As a company and as individuals, we certainly aren’t blind to issues concerning cultural and racial differences and disparities. We’ve seen it throughout our careers and internships in schools, hospitals, and communities. Despite recognizing these disparities, we admit that we were also not actively pursuing solutions to resolve these differences. 

As we have listened and learned over the last several weeks in response to the increased Black Lives Matter movement, we have realized to a greater extent the necessity to use our voices to advocate for change within the field of dietetics. 

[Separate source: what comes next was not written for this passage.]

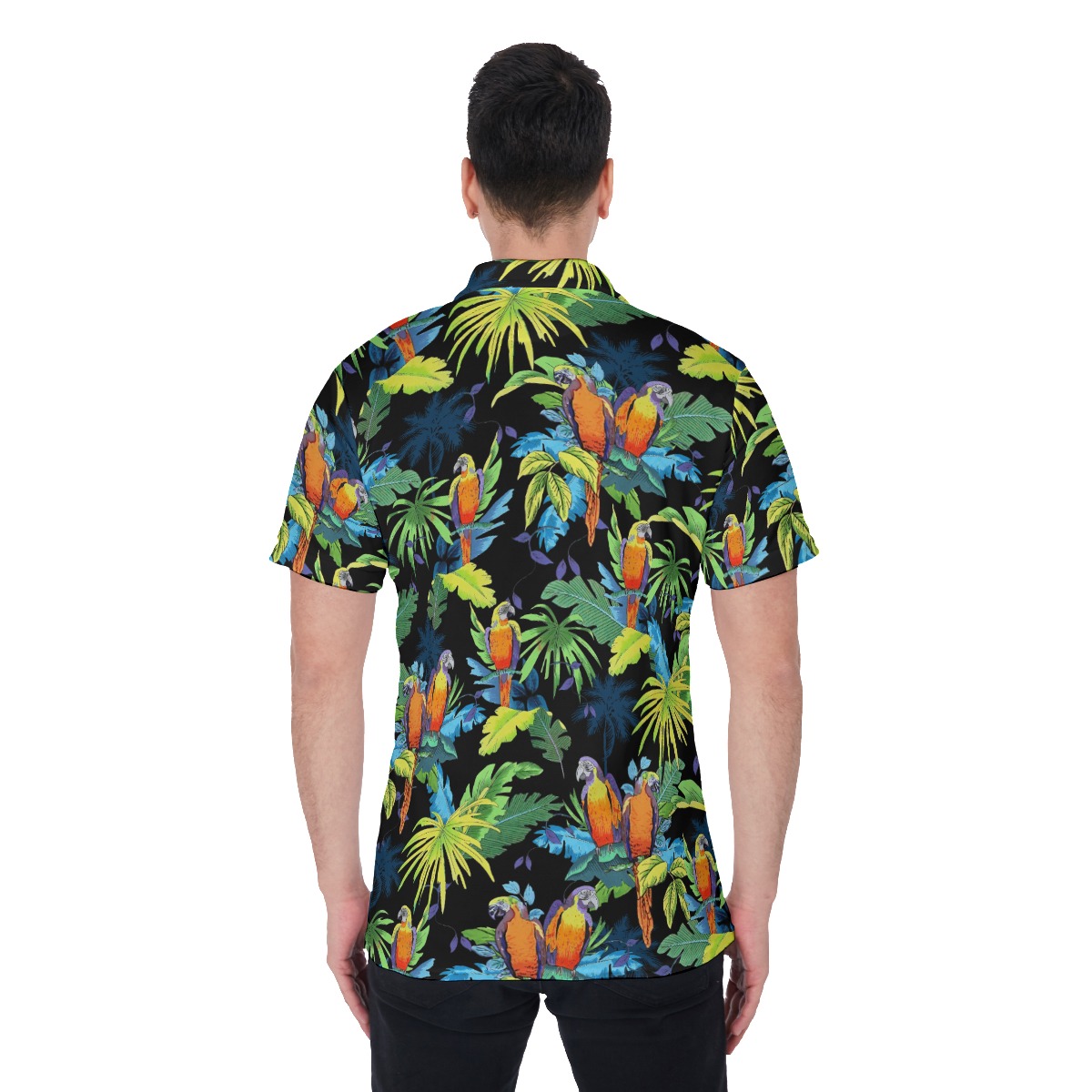 Colorful Parrot Hawaiian Polo Shirt For Men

During our dietetic training, we are trained to “apply the principles of cultural competence within [one’s] own practice” (2). However, this core competency doesn’t necessarily translate into creating and encouraging a more diverse field of practitioners.

There are numerous barriers that Black, indigenous, and people of color (BIPOC) face when entering the field of nutrition. High cost, unpromising return on investment, lack of exposure to the field, social stigma, weight bias, and countless other microaggressions are factors that deter BIPOC from pursuing dietetics as a career (3).

As a profession, we NEED diverse voices. We need health and nutrition professionals from diverse backgrounds so that we can collectively create better and more connected communities. Founders of Food Heaven Made Easy, dietitians Wendy Lopez and Jessica Jones said it well:

“Our communities are disproportionately affected by chronic illness, and it’s important that they see people who look like them educating them” (4).